Twenty-four years ago, the very first issue of All About Beer Magazine mentioned recent research into alcohol and cardiac health. The conclusion: moderate alcohol consumption is good for you. People were surprised and skeptical.

Last year, we published a lengthy feature that summarized two decades of peer-reviewed scientific studies of alcohol consumption and human health. The conclusion: moderate alcohol consumption is good for you. Same surprise and skepticism.

If we found these reactions frustrating, they must drive Gene Ford bonkers.

Ford has been publishing and speaking on the connection between moderate alcohol consumption and health since the 1980s. InThe Science of Healthy Drinking, he pursues two major themes: first, that there is an impressive body of scientific literature documenting a positive link between moderate consumption of alcohol and a host of human health conditions; and, second, that the persistent American antipathy towards alcohol prevents the public from learning about these results.

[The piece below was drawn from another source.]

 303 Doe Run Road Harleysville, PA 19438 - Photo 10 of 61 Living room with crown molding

Ford devotes most of the book—and the bulk of its 80-page bibliography—to the effects of alcohol on thirty common health conditions. He begins with the cluster of conditions related to the cardiovascular system, then documents the research on cancers, brain function, diabetes, gallstones, and diet, among other topics.

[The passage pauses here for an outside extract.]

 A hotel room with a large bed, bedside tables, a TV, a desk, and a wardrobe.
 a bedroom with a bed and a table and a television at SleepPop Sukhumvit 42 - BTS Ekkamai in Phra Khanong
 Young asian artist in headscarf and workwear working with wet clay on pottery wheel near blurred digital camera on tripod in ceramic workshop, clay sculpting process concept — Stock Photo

At the head of each chapter is a useful, short abstract, followed by several bulleted points. The chapter then opens with an explanation of the medical condition, and an assessment of its impact on human health. Ford then summarizes the state of research into the association between alcohol consumption and the condition. He also sets the alcohol research into the wider context of research into the health condition: for example, when discussing cardiovascular health, he touches on the contributions of diet, activity and cigarette smoking.

Ford is even-handed in pointing out the conditions in which alcohol consumption is associated with increased, rather than decreased health risks, such has been found in some studies of breast cancer. But he also encourages a holistic view of health risk assessment: in the case of cancer, for example, women are encouraged to “evaluate many factors, including family history of breast cancer. They should also check the comparative risks for heart disease and breast cancer.”

In each chapter on a medical condition, Ford underscores the themes that will take up the concluding chapters of the book: American culture is singularly ambivalent — even hostile — towards alcohol; authorities presume that the public cannot distinguish between healthful use and unhealthy abuse of alcohol; policies are designed to reduce alcohol abuse by lowering consumption for all; and the medical establishment and the media withhold or underreport findings that would help Americans make more informed health choices.

Ford clearly hopes The Science of Healthy Drinking will reach physicians and parents, the two most influential groups in shaping our health choices. With luck, open-minded members of both groups will read it. There are others for whom any good news about alcohol will always be unwelcome.

Though well written, this is probably not a book I would read cover-to-cover. However, I plan to keep it handy and turn to it when a specific question arises, grateful someone else has done the hard work of synthesizing all this material in a responsible and accessible way.